■ **WHAT THE TASK ASKS**: Transcribe only the lines from the one containing "Detail Gallery Image" through the final line of the entries below, exactly, and exclude the pictures.

Caption-style text data:
____

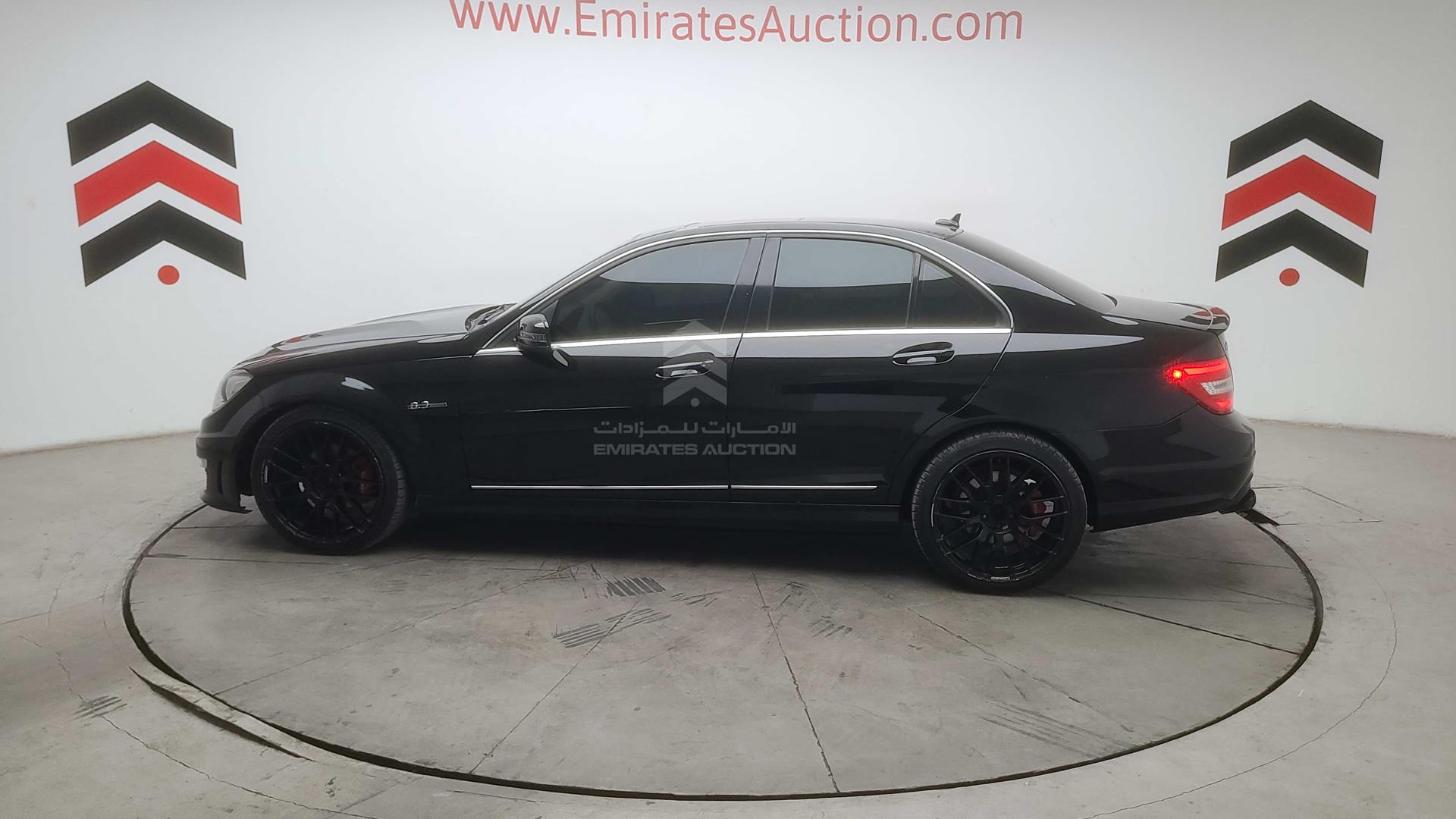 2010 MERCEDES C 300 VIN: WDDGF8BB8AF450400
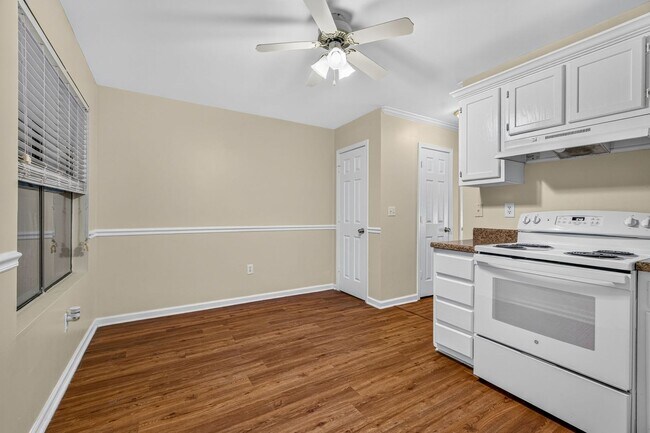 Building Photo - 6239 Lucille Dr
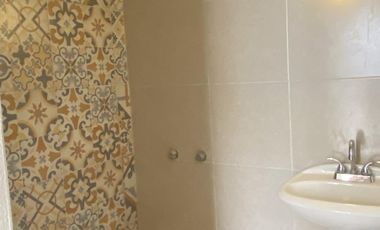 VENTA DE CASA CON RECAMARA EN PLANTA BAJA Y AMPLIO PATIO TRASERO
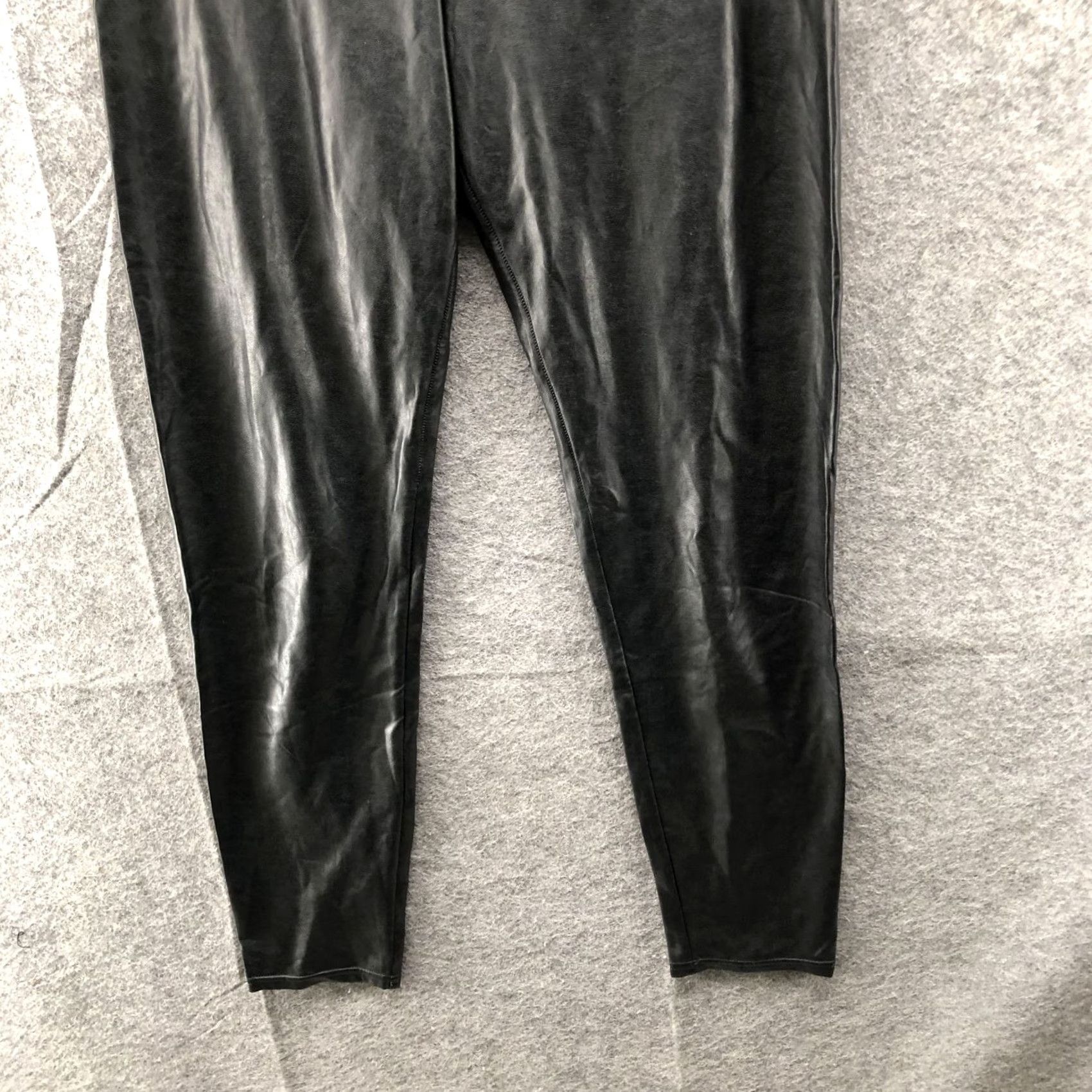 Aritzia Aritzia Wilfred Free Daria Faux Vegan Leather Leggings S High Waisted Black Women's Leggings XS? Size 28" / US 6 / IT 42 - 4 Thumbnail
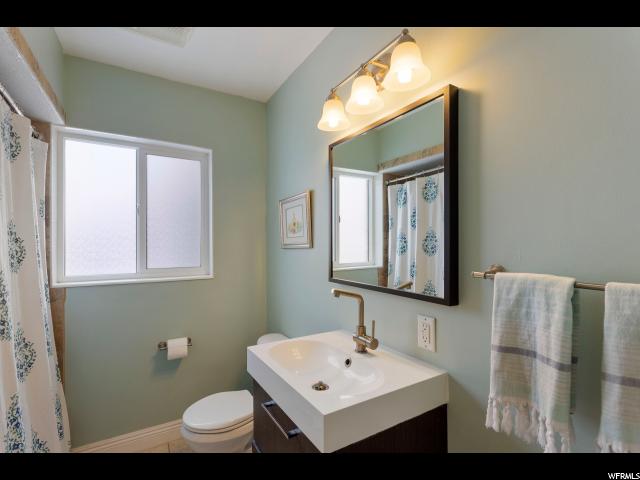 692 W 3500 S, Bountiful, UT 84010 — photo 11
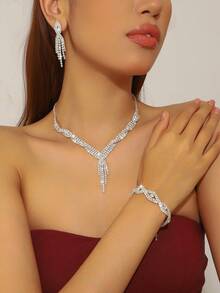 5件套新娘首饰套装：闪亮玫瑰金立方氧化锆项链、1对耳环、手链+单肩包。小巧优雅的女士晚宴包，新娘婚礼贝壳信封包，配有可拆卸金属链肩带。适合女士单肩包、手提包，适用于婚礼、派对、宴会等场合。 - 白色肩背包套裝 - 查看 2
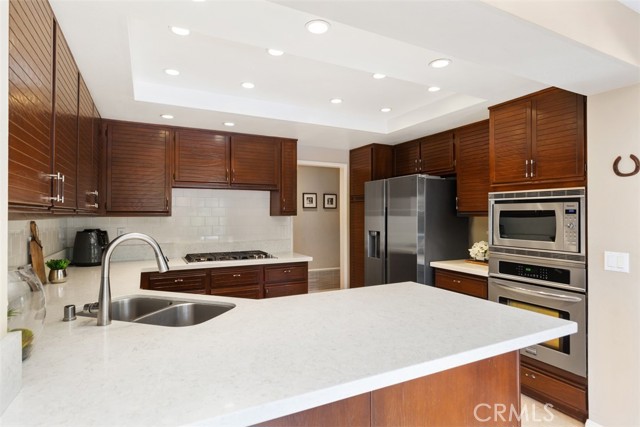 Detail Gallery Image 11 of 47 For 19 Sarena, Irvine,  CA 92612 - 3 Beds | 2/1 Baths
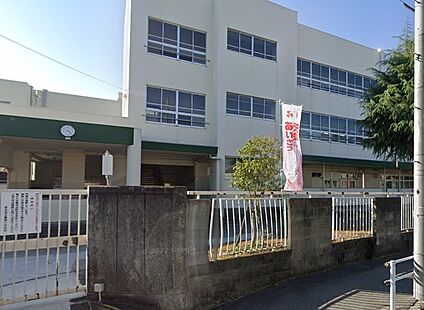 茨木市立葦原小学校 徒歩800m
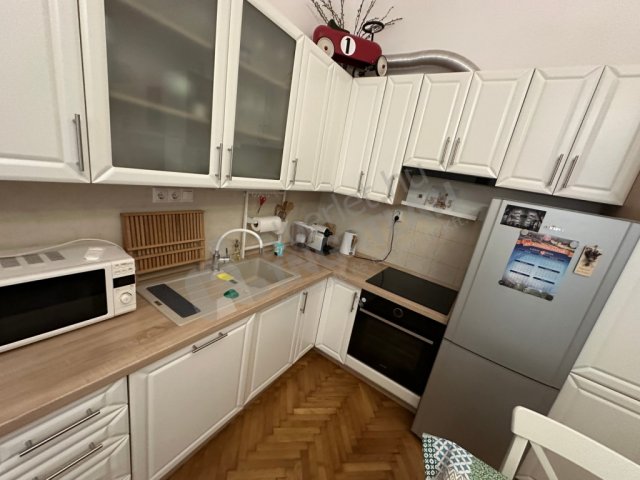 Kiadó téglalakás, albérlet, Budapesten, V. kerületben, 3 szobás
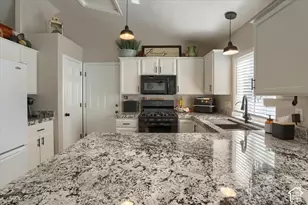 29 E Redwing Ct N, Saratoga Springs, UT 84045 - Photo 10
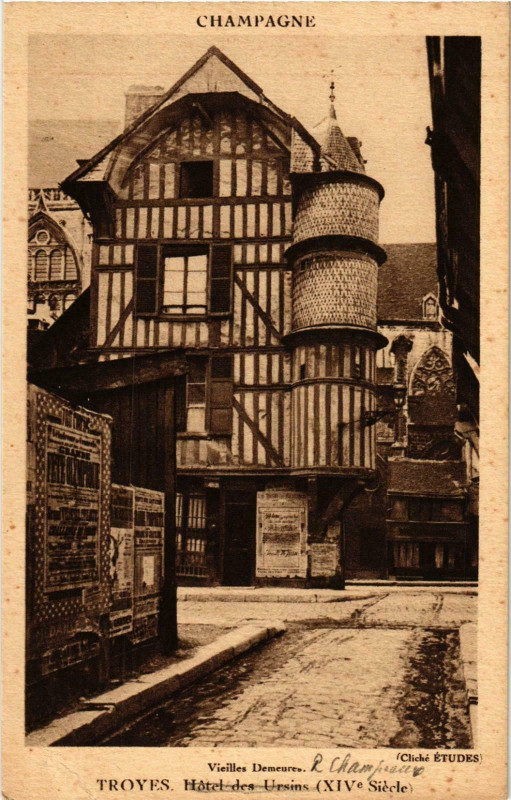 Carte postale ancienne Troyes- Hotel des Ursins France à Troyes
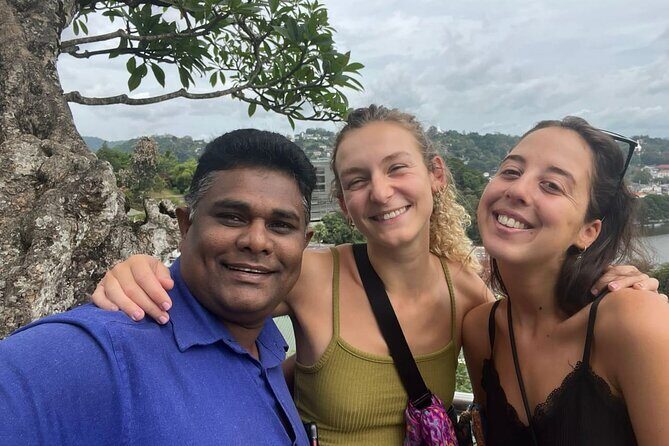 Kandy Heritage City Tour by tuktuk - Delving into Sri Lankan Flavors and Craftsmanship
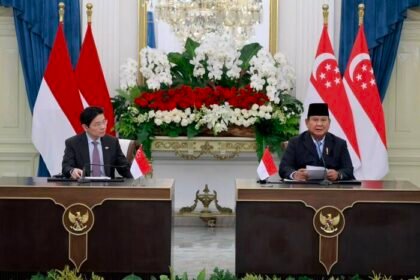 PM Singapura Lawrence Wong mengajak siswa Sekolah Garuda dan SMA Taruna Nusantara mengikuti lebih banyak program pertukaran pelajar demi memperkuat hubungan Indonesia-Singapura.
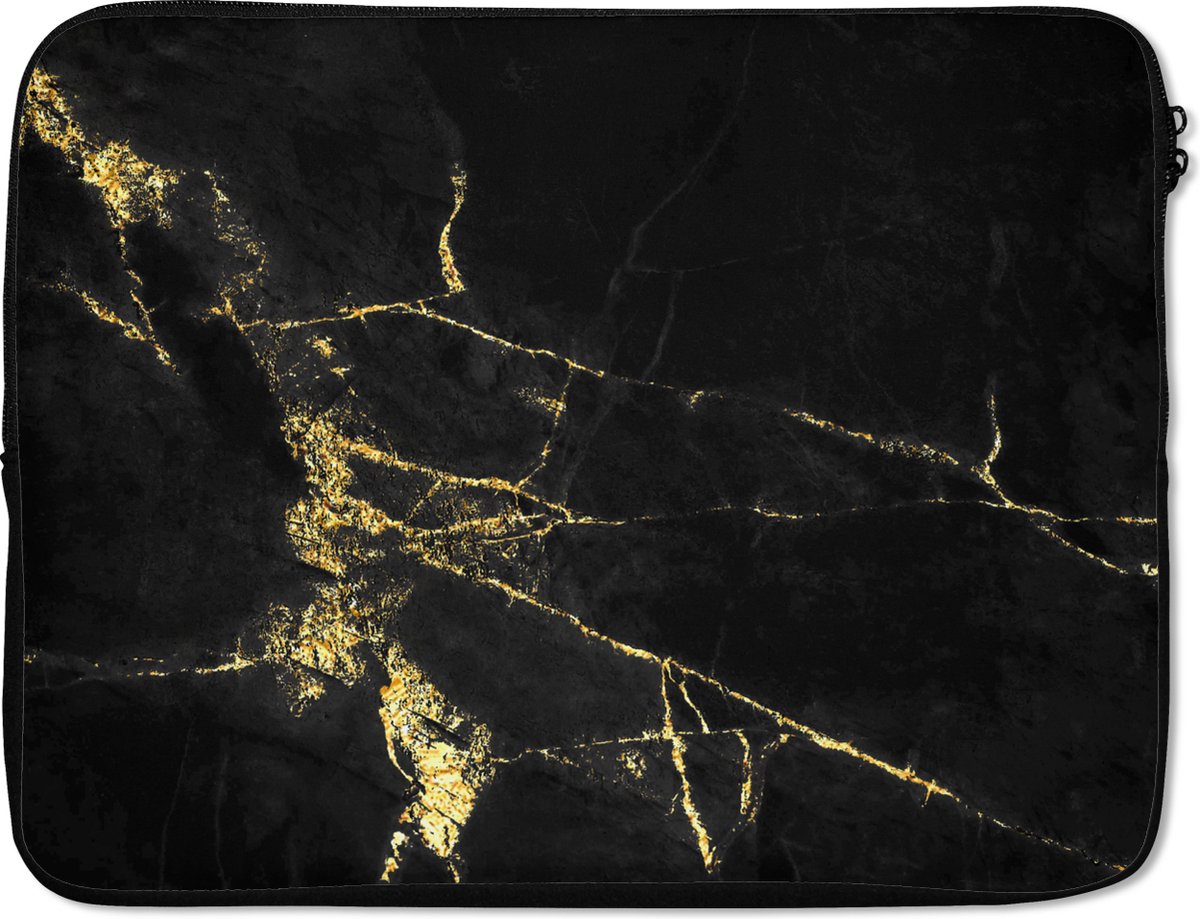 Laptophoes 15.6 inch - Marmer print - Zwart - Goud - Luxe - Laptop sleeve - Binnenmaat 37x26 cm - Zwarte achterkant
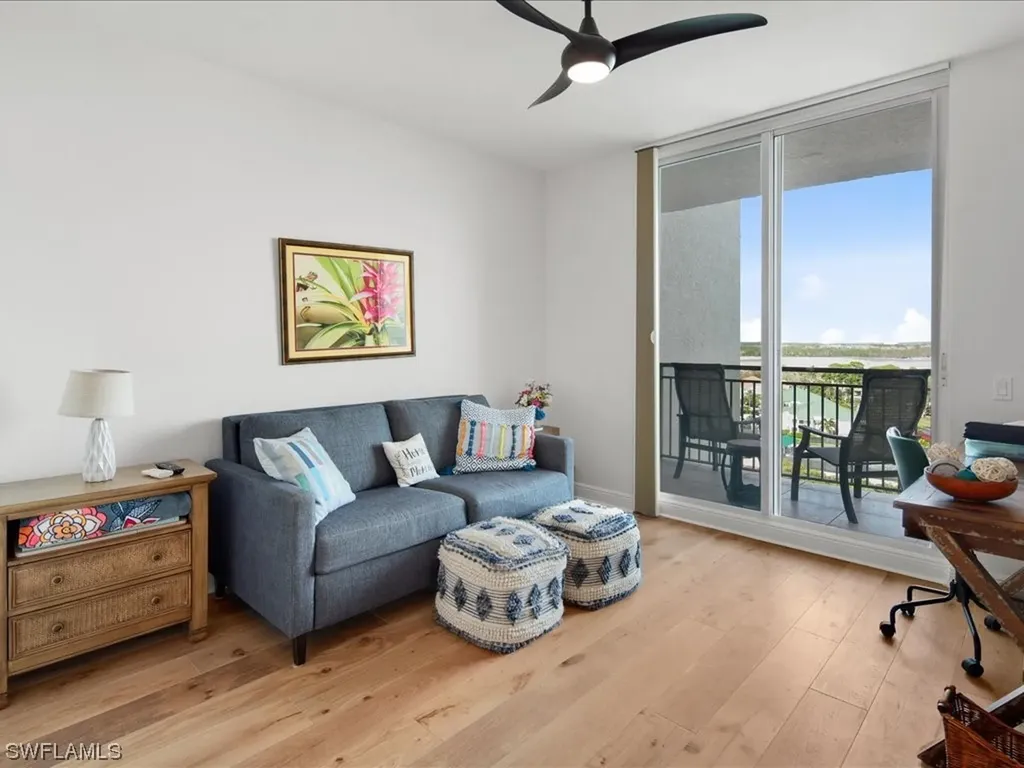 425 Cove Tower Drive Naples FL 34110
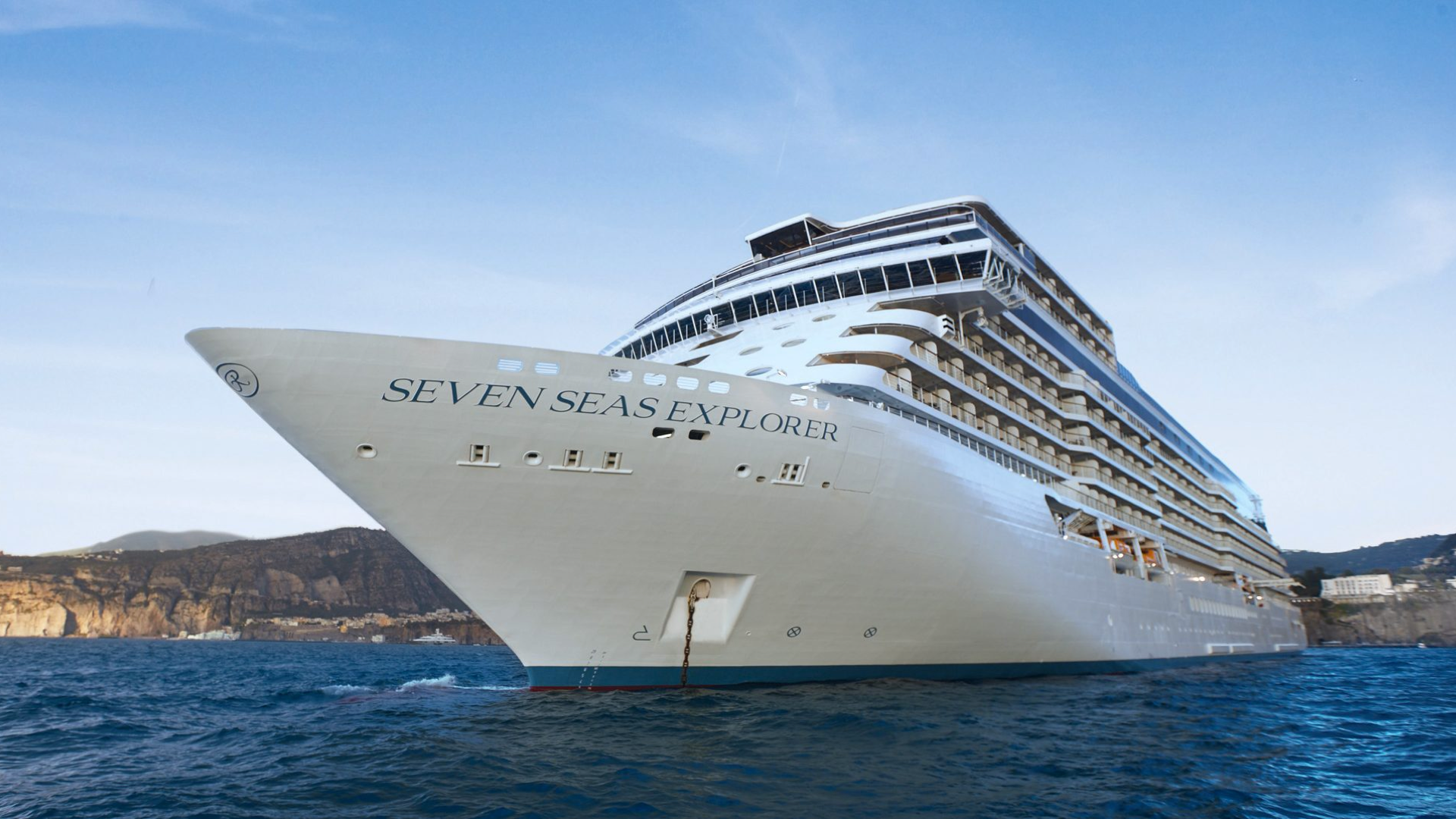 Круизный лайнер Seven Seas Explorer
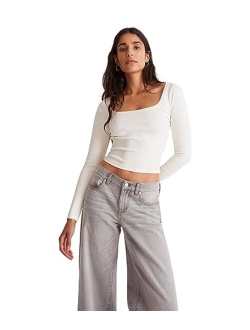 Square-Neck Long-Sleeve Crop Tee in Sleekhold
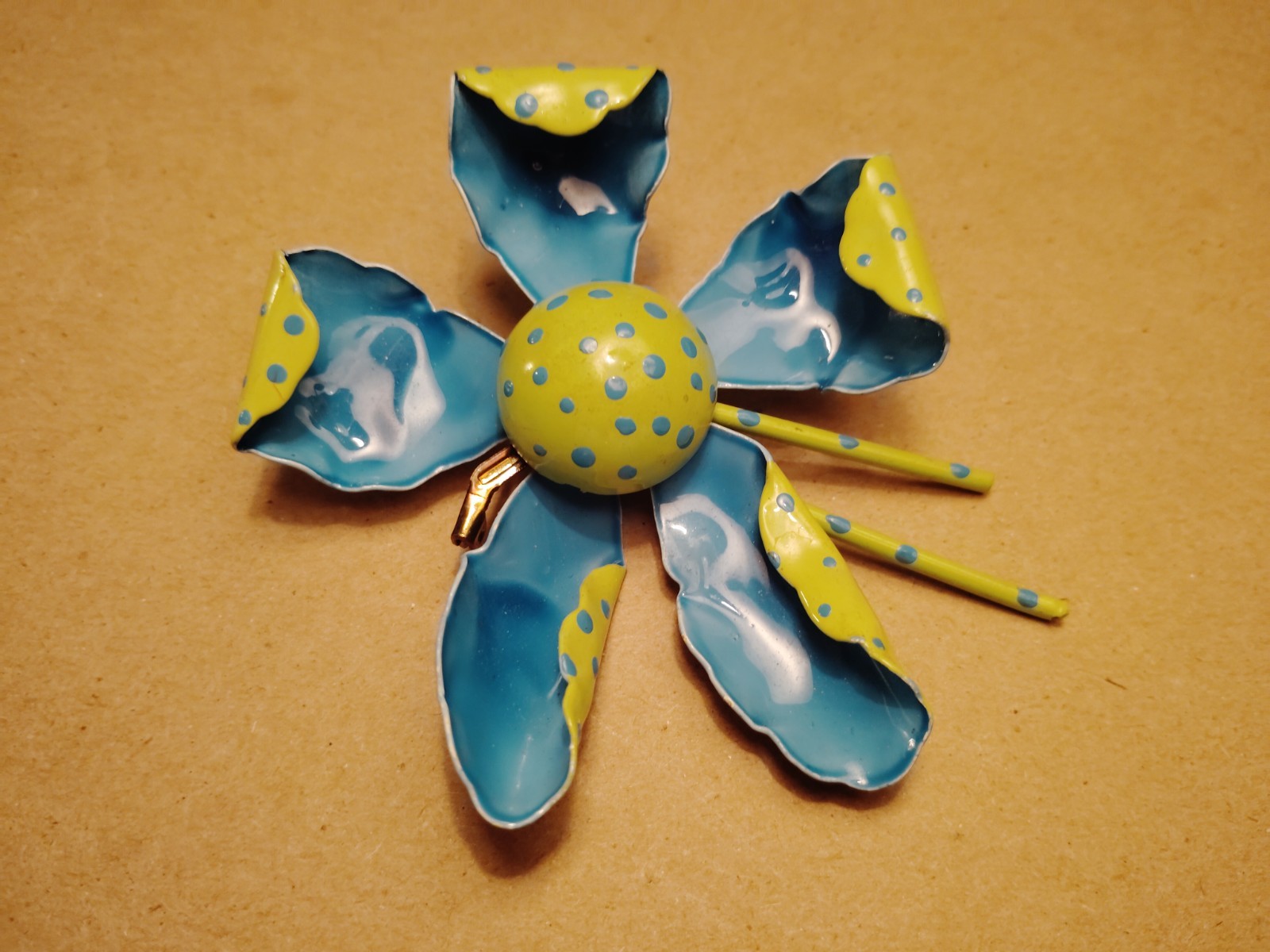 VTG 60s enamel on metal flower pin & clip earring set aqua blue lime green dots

____

■ **FINAL ANSWER**:
 Detail Gallery Image 11 of 47 For 19 Sarena, Irvine,  CA 92612 - 3 Beds | 2/1 Baths
 茨木市立葦原小学校 徒歩800m
 Kiadó téglalakás, albérlet, Budapesten, V. kerületben, 3 szobás
 29 E Redwing Ct N, Saratoga Springs, UT 84045 - Photo 10
 Carte postale ancienne Troyes- Hotel des Ursins France à Troyes
 Kandy Heritage City Tour by tuktuk - Delving into Sri Lankan Flavors and Craftsmanship
 PM Singapura Lawrence Wong mengajak siswa Sekolah Garuda dan SMA Taruna Nusantara mengikuti lebih banyak program pertukaran pelajar demi memperkuat hubungan Indonesia-Singapura.
 Laptophoes 15.6 inch - Marmer print - Zwart - Goud - Luxe - Laptop sleeve - Binnenmaat 37x26 cm - Zwarte achterkant
 425 Cove Tower Drive Naples FL 34110
 Круизный лайнер Seven Seas Explorer
 Square-Neck Long-Sleeve Crop Tee in Sleekhold
 VTG 60s enamel on metal flower pin & clip earring set aqua blue lime green dots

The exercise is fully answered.